# Jacksonville Info?



## JusticeDog (Jul 3, 2003)

Does anyone have any info? I'm really just wondering if my dogs are OK. My favorite young dog pro, who is now moving down on the list , told me gator stories the other evening like you wouldn't believe....


----------



## Smokin' Guns (Feb 2, 2009)

Are you asking is it safe for dogs here in Jacksonville, FL to swim in the water? If so the answer is yes you just need to pick your spots carefully. Especially since their mating season is right around the corner.


----------



## JusticeDog (Jul 3, 2003)

Smokin' Guns said:


> Are you asking is it safe for dogs here in Jacksonville, FL to swim in the water? If so the answer is yes you just need to pick your spots carefully. Especially since their mating season is right around the corner.

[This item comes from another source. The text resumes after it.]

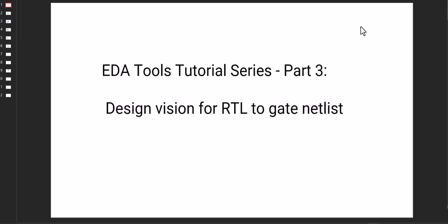Good morning to all. Today we are going for the design vision for RTL to gate netlist.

Yes..... thanks. I had a feeling he was having great fun at my expense. I got told stories about pulling up to run a derby with two gators sunning on an island, etc....


----------



## Smokin' Guns (Feb 2, 2009)

You never know! I was wading one morning while duck hunting and turned around and their was 2 gators 20 yards behind us. They never bothered us but I sure kept my eyes open after that!!!!!!!!!!!!!!!!!!


----------



## Matt McKenzie (Oct 9, 2004)

Susan,
Just so you know, the Jacksonville Retriever Club trial isn't in Jacksonville. In fact, the club isn't even in Jacksonville! I never could figure that one out.
Anyway, at all of the trial grounds down here, the gators tend to have a short life expectancy for some reason. Either that or they are afraid of the dogs and migrate to other areas. If I get the chance to see Honor and talk to Andy tomorrow, I'll let him know that you are concerned about him feeding your dog to the reptiles.
Matt


----------



## JusticeDog (Jul 3, 2003)

Smokin' Guns said:


> You never know! I was wading one morning while duck hunting and turned around and their was 2 gators 20 yards behind us. They never bothered us but I sure kept my eyes open after that!!!!!!!!!!!!!!!!!!


 
Ok, you were doing good until this last bit....


----------



## JusticeDog (Jul 3, 2003)

Hookset said:


> Susan,
> Just so you know, the Jacksonville Retriever Club trial isn't in Jacksonville. In fact, the club isn't even in Jacksonville! I never could figure that one out.
> Anyway, at all of the trial grounds down here, the gators tend to have a short life expectancy for some reason. Either that or they are afraid of the dogs and migrate to other areas. If I get the chance to see Honor and talk to Andy tomorrow, I'll let him know that you are concerned about him feeding your dog to the reptiles.
> Matt


Thanks Matt...... actually it's Seth running the dogs this weekend, and Honor is one of his favorites - Honor was Seth's first open win and the first dog he titled. So, I'm not as concerned about him. Now Gavel, he's a big guy, and might kick a sleeping gator on the bottom of hte pond and wake him up... and then there's my young and tender derby dog... 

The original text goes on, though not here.